The event Sansom describes is based in fact but it is central to the fiction that follows. Anne was said to have been illegally tortured after her conviction, stretched on a rack that was turned by Lord Chancellor Wriothesley and Shardlake's old enemy Sir Richard Rich themselves. It was not an excess of religious zeal that motivated these two, but a desire to bring down Henry's current wife, Catherine Parr, long rumoured to be a religious reformer. Before she died, Anne Askew had smuggled out an account of her torture, a manuscript now missing but potential political dynamite. Another manuscript, also missing, is one written by Queen Catherine herself, the Lamentation of the title, in which she expresses her shortcomings as a Christian and her desire for salvation. Her deep fear is that her husband will find out that she has written it in secret and, in his present unstable physical and mental condition, decide she is, like others of his previous wives, guilty of treason.

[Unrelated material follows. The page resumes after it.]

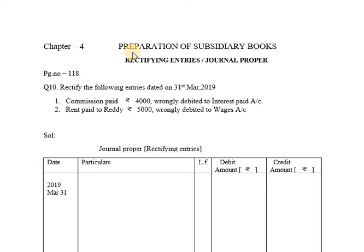Assalamu alaikum warahmatullahi wabarakatuh. Hello viewers, I am Muhammad Abdul Habib. Welcome you all to AIM's Tutorial for Accounts. In this video I will be explaining the chapter Preparation of Subsidiary Books for Intermediate First Year Students for Telangana State Board of Intermediate Education. The topic we are going to discuss is General Journal Rectifying Entries, Chapter 4, page number 118, Question number 10.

Thus Shardlake is commissioned to find out who has the manuscript and retrieve it, a task which leads him into various back alleys and clandestine meetings. Sansom brilliantly leads us on a tour of the various social layers of London society, from the highest at Whitehall to middle-class lawyers and tradesmen, to early printers, to the depths of the stinking slums. Of all his many strengths as an author of historical fiction, it is this ability to animate the life lived by the ordinary and extraordinary people of the past that puts Sansom at the top of the heap. He never lectures us; he never provides one word more of explanation than we need. He merely transports us back more than five hundred years and allows to believe for a time that we actually share the streets of Tudor London with Shardlake, his allies and his enemies.

As the series has progressed, Sansom's technical mastery has strengthened. Although this book weighs in at over six hundred pages, it never flags, even though there is far less violent action than we might expect from a period in which every gentleman might carry a sword and was quick to defend his honour against any slight, real or perceived. It is the carefully managed pace of the narrative that carries the reader from chapter to chapter, not artificially generated suspense. As a result, when the climax is reached in a burst of horrifying violence that caused me to close my eyes for a moment before going on, it is absolutely devastating.

When I read the previous book, HEARTSTONE, I thought it was both the best and the saddest of the series. LAMENTATION is better and sadder. At the end, Shardlake has lost pretty much everything he had to lose. He will lose even his position as Serjeant at the Court of Requests as one of his oldest enemies is about to become Lord Chancellor and thus the head of the legal profession. Shardlake has silently but faithfully maintained his love for Catherine Parr over the years, knowing all the time that it is a doomed cause. But now with the death of the King, Catherine seems destined for another and he is too much a realist to maintain the illusion of hope. Shardlake believes he has failed his friends and some of them at least feel he is right. He is now only in his mid-forties but he is already playing with the idea of a quiet retirement to the country, turning his back finally on all the intrigue, all the excitement, all of the action that he has both courted and deplored.

Sansom opens up a possible future direction at the very end and I profoundly hope that Shardlake will return to pursue it. At the moment, he is not optimistic as he huddles against the February chill, heading down the river to pledge himself to Elizabeth, "the least important of the King's children." Elizabeth may be only thirteen, far from the throne, and destined for an early marriage, but she is, after all, the daughter of a king. Shardlake may find that his future has not been narrowed to property law after all.

§ Yvonne Klein is a writer, translator, and retired college English professor who lives in Montreal.